If only over 10m runs of HDMI and USB, the two additional virtual machines (i.e. display, I/O) should perform as per the main machine, should they not? Unless I am going into Linus-esque lengths, I can't see that I need to convolute the solution.

What would the answer be to getting this system working on displays with a different resolution and or refresh rates? I guess I could just change the settings each time it went on to a different display but is there a way of automating that? I don't suppose the PC would know whether it was outputting to one of three displays, would it?
 


I can't say it would definitely work every time. When I am using a display with a PC at it's default resolution, let's say 1920x1080. If I unplug that display and plug in another at say 1440x900 it will switch automatically. If I switch back so does the resolution.

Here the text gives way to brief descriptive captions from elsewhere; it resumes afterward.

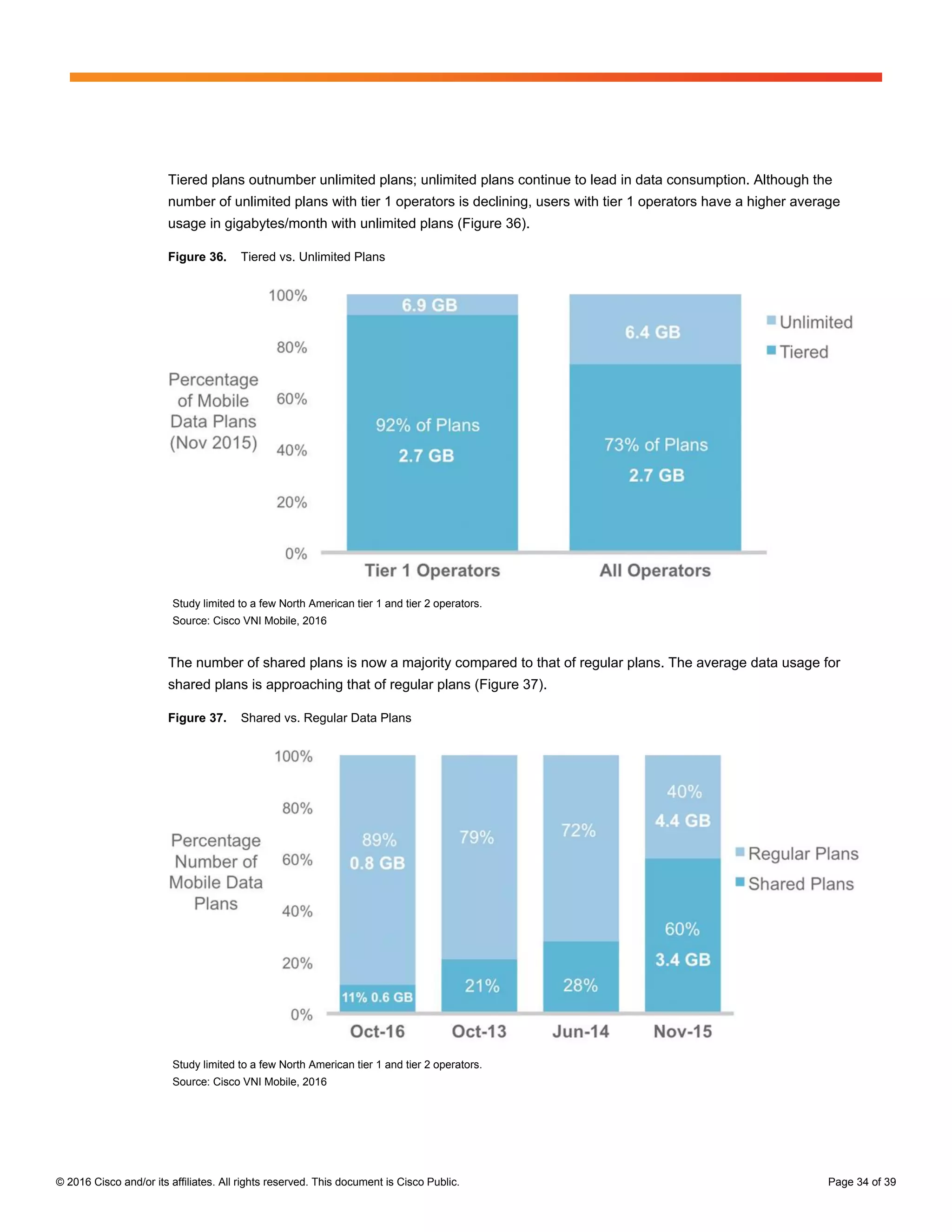 © 2016 Cisco and/or its affiliates. All rights reserved. This document is Cisco Public. Page 34 of 39
Tiered plans outnumber unlimited plans; unlimited plans continue to lead in data consumption. Although the
number of unlimited plans with tier 1 operators is declining, users with tier 1 operators have a higher average
usage in gigabytes/month with unlimited plans (Figure 36).
Figure 36. Tiered vs. Unlimited Plans
Study limited to a few North American tier 1 and tier 2 operators.
Source: Cisco VNI Mobile, 2016
The number of shared plans is now a majority compared to that of regular plans. The average data usage for
shared plans is approaching that of regular plans (Figure 37).
Figure 37. Shared vs. Regular Data Plans
Study limited to a few North American tier 1 and tier 2 operators.
Source: Cisco VNI Mobile, 2016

The KVM switch is the simplest. You physically switch USB and monitor connections from one set to another. Some do USB, audio and monitor. You just have to look for the right match of connectors for your need. Switching should, in effect, act like unplugging one set and plugging another set in.
 
Solution


You are going to have to use passthrough for VMs which is the hard part. Any of the pcs close enough to run long cables can have native like performance. the kvm switch will make it easy to control different vms but it might limit your video performance and you still have to buy long cables, so you are just going to be paying a ton to be able to switch pcs (could be added on later if you want). over ethernet moonlight is very good, there won't be any other gpu based solutions. with a vpn server moonlight can even go over WAN. spice can too fairly well. if you want to create a full vdi like experience. assuming you have decent up speeds.